Karena Robben Bukan Ballack
Ada orang yang memang sepertinya akrab dengan gelar runner up, selebihnya ada yang berhasil mengeyahkan julukan itu.
Musim 2001-2002 nama Michael Ballack muncul ke permukaan. Pria kelahiran 26 September 1976 itu membawa klubnya Bayern Leverkusen ke partai puncak Liga Champion Eropa di penghujung musim. Lawannya kali itu adalah Real Madrid, raksasa dari tanah Spanyol. Perlawanan Leverkusen disudahi oleh gol indah yang nyaris tidak mungkin dari seorang maestro, Zinedine Zidane.
Hasil akhir final itu adalah runner up pertama Michael Ballack di ajang antar negara. Sepertinya itu memang baru permulaan. Beberapa bulan kemudian di Korea-Jepang, Ballack kembali harus puas dengan medali perak alias gelar runner up setelah negaranya takluk dari Brasil di partai final. Ballack memang tidak bermain di partai itu karena harus menerima hukuman akibat aksi heroiknya di partai semifinal melawan Korea Selatan.
Entah siapa yang memulai, tapi Ballack memang akhirnya akrab dengan gelar Mr. Runner Up. Dirinya seolah jadi kutukan setiap tim yang berlaga di partai final ajang antar negara, level klub maupun tim nasional. Final Champion 2008 kesialan Ballack kembali terbukti. Kali ini dia berseragam Chelsea dan kembali harus mengakui kemenangan tim lawan yang kebetulan dari negara yang sama dengan timnya, Manchester United.
Kutukan itu (entah siapa yang menurunkannya) bertahan hingga Ballack memutuskan berhenti menyepak bola di bulan Oktober 2012. Dia tetap terkenal sebagai Mr. Runner Up yang tak pernah merasakan medali emas di lehernya.
Dan kemudian muncullah Robben. Lelaki asal Groningen Belanda ini ternyata punya nasib yang hampir sama dengan Ballack.
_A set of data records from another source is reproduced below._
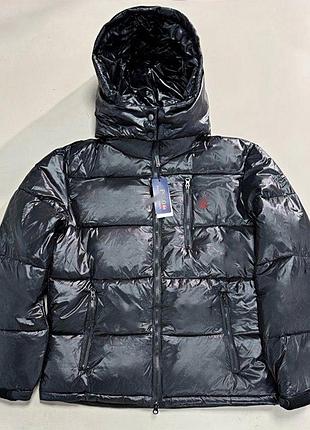 Пуховик ralph lauren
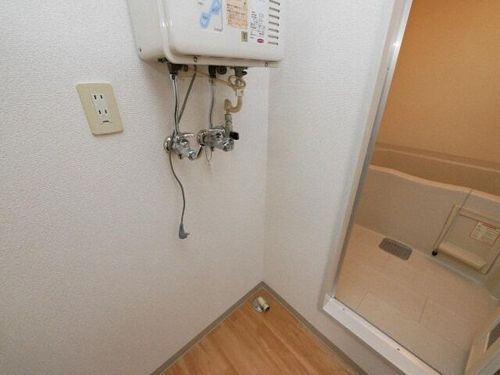 北海道札幌市中央区南四条西11丁目(マンション)の賃貸物件の内装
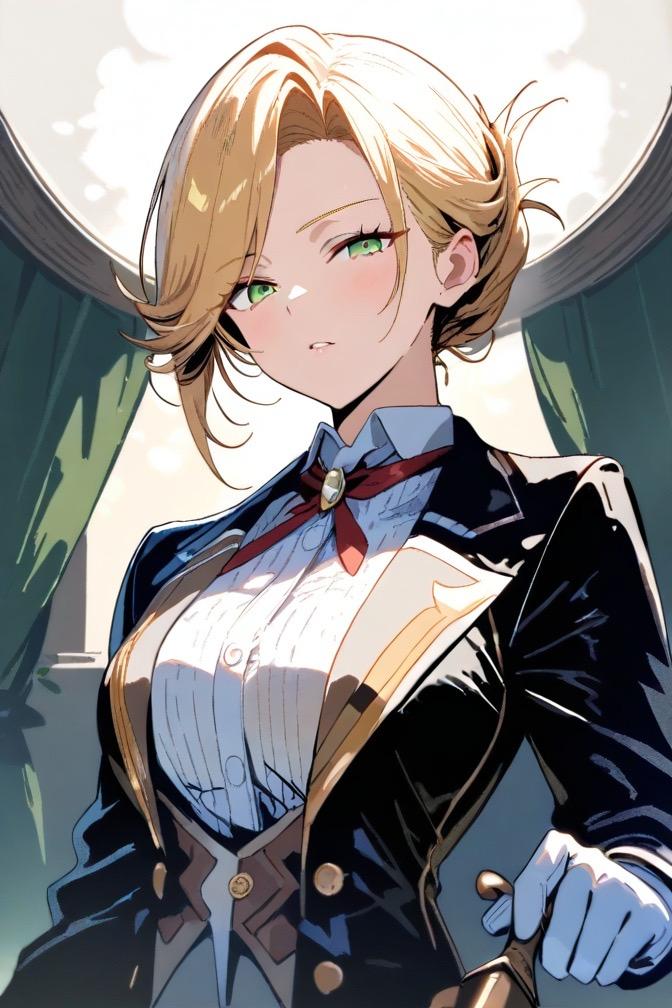 執事さん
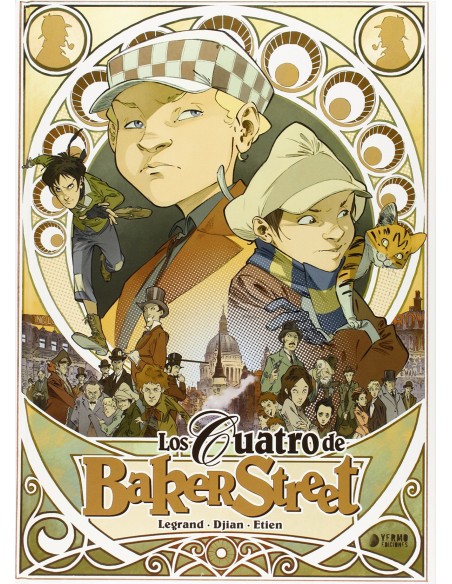 Cuatro De Baker Street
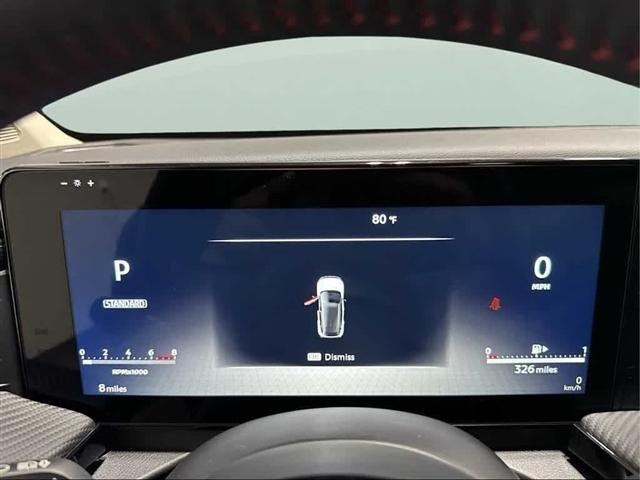 new 2025 Nissan Kicks car, priced at $29,160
Robben mulai akrab dengan gelar runner up ketika timnya harus kandas di partai final Piala Dunia 2010 dari Spanyol. Partai final ketiga buat Belanda dan sekaligus juga runner up ketiga buat negara berdataran rendah ini.
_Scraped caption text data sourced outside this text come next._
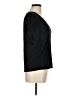 Express Black 3/4 Sleeve T-Shirt Size M - photo 4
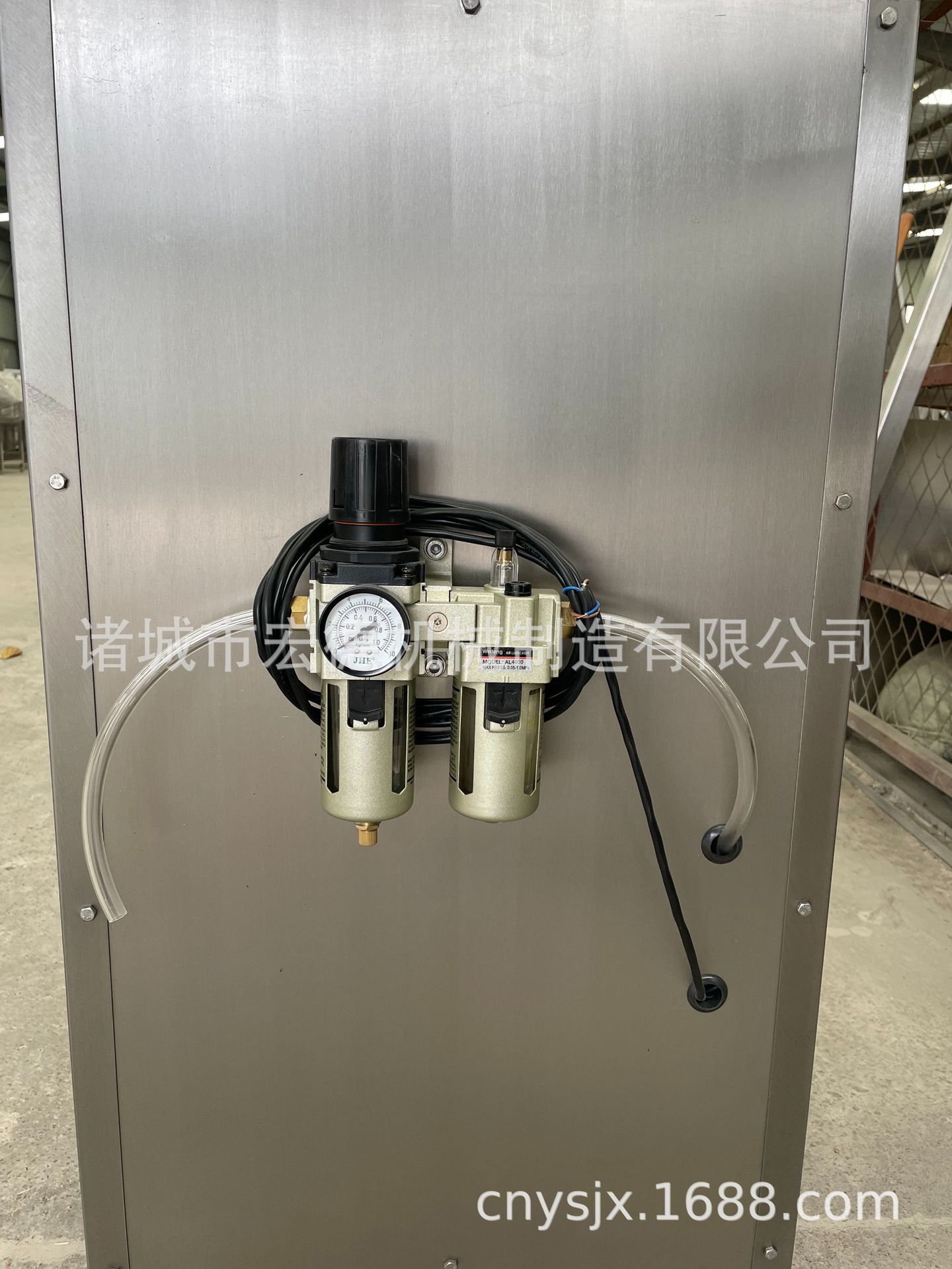 气动定量灌肠机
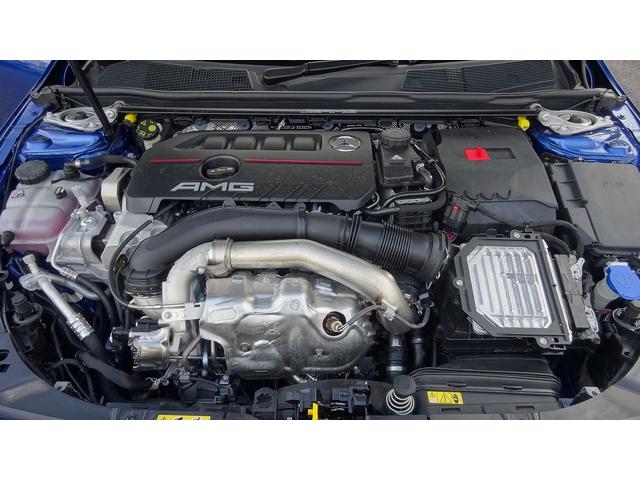 CLAクラス CLA35 4マチック アドバンスドパッケージ・パノラミックスライディングル-フ・ヘッドアップディスプレイ・弊社デモカ-・法人ワンオ-ナ-・認定中古車・新車保証継承(43枚目)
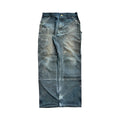 Carhartt Jeans Double Knee Black Washed #6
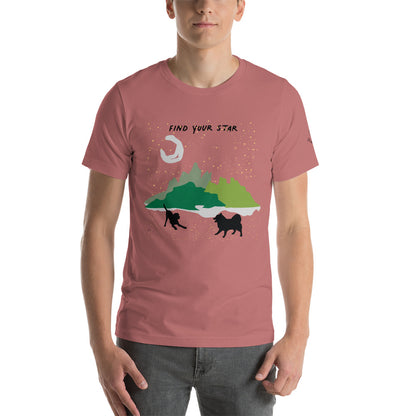 Mountain Doggos t-shirt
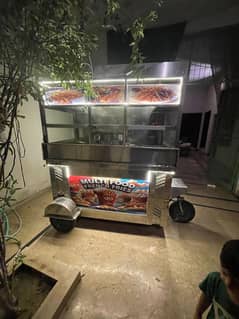 food cart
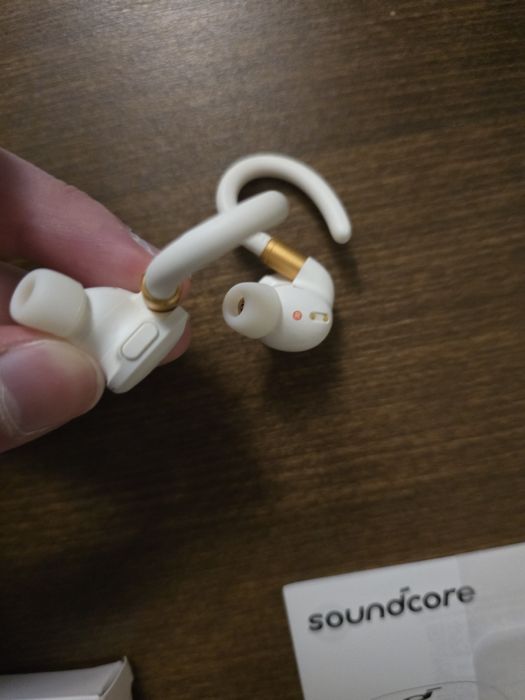 Anker Soundcore Sport X20 White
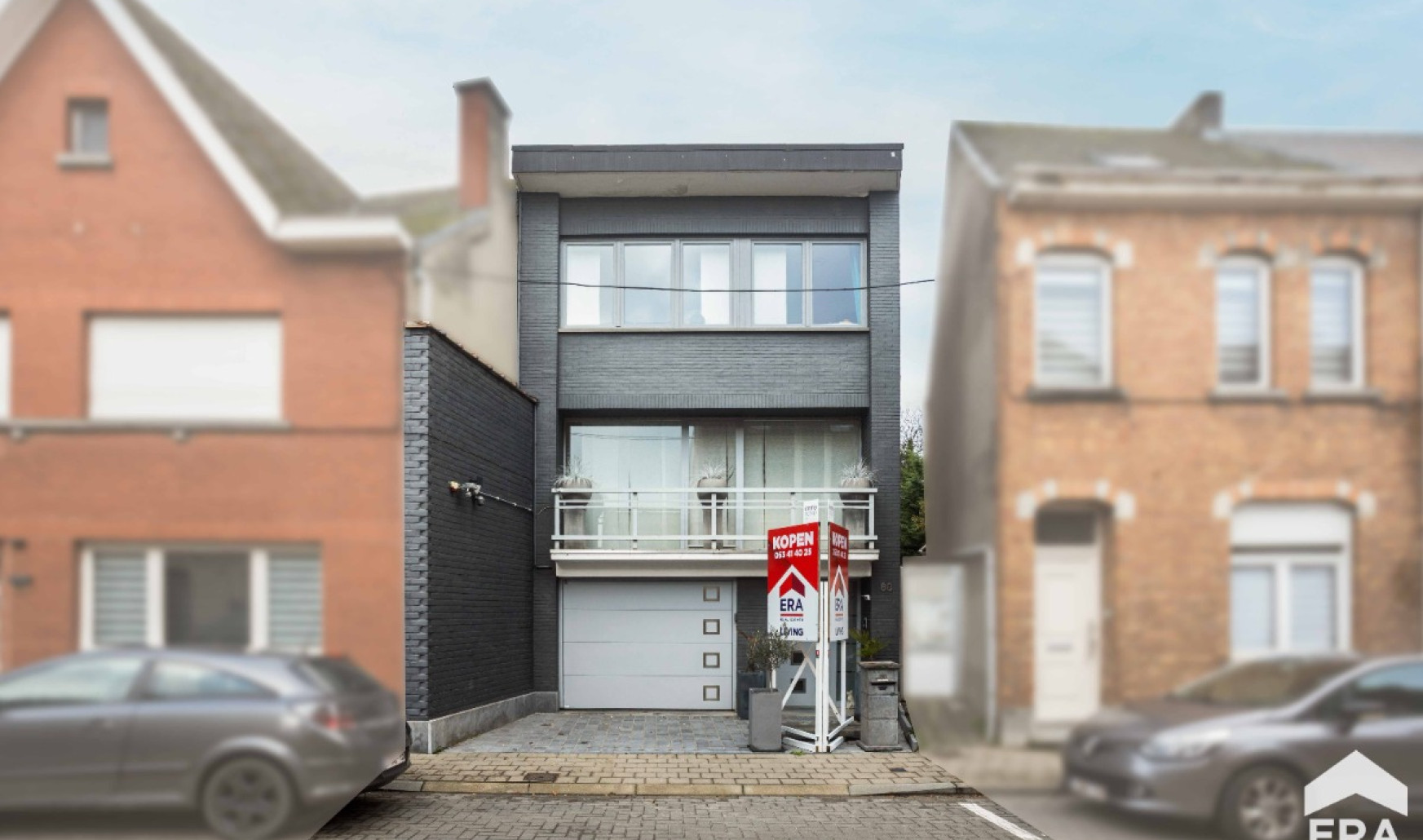 Keppestraat - 80 - - 9320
Belanda mungkin memang punya masalah dengan piala dunia. Mereka selalu dicap sebagai tim yang bagus, punya pemain bersinar dengan kemampuan individu yang di atas rata-rata. Sejak jaman Johann Cruijff, Marco Van Basten, Dennis Bergkamp sampai Arjen Robben, Belanda selalu ditakuti. Tapi, belum ada satupun pemain yang bisa mengangkat kutukan runner up itu dari Belanda.
Akhir Kutukan Robben
Robben juga belum berhasil, bahkan dia harus merasakan kutukan itu. 11 Juli 2011 di Soccer City, Johannesburg Afrika Selatan Robben kembali harus merasakan apa yang dirasakan seniornya. Medali perak di leher dan jadi saksi pesta tim lawan.
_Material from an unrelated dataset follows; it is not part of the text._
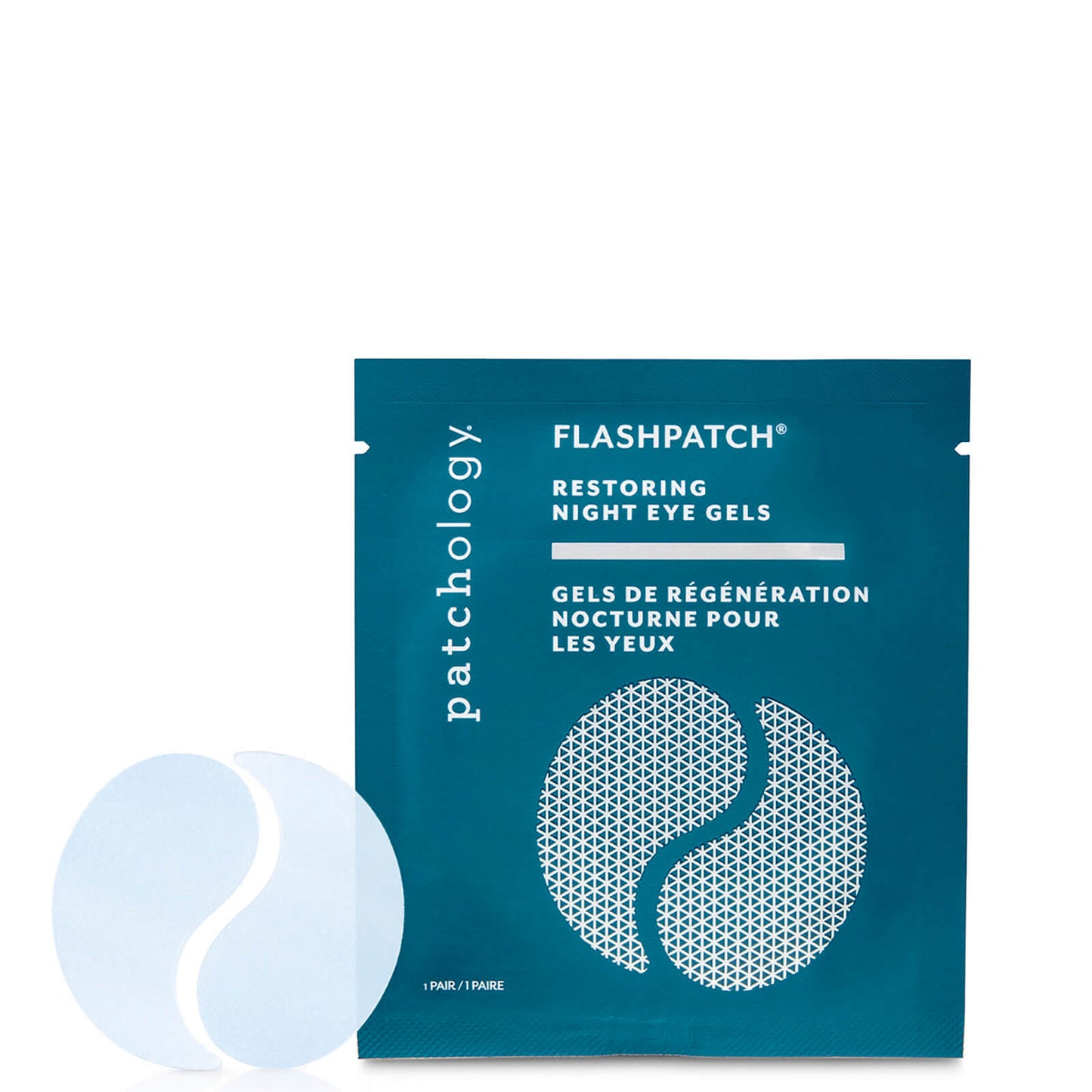 Patchology FlashPatch® Restoring Night Eye Gels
Dua tahun berselang, Robben kembali mencicipi rasa yang sama. Medali perak di leher dan menyaksikan Chelsea berpesta juara di atas tribun. Robben gagal membawa Bayern Muenchen menjadi juara Liga Champions Eropa. Sialnya, Robben bahkan gagal mengeksekusi penalti di babak perpanjangan waktu yang bisa mengubah hasil akhir. Lengkap sudah alasan menjadikan lelaki yang rambutya terlalu cepat menipis itu sebagai pembawa kutukan runner up.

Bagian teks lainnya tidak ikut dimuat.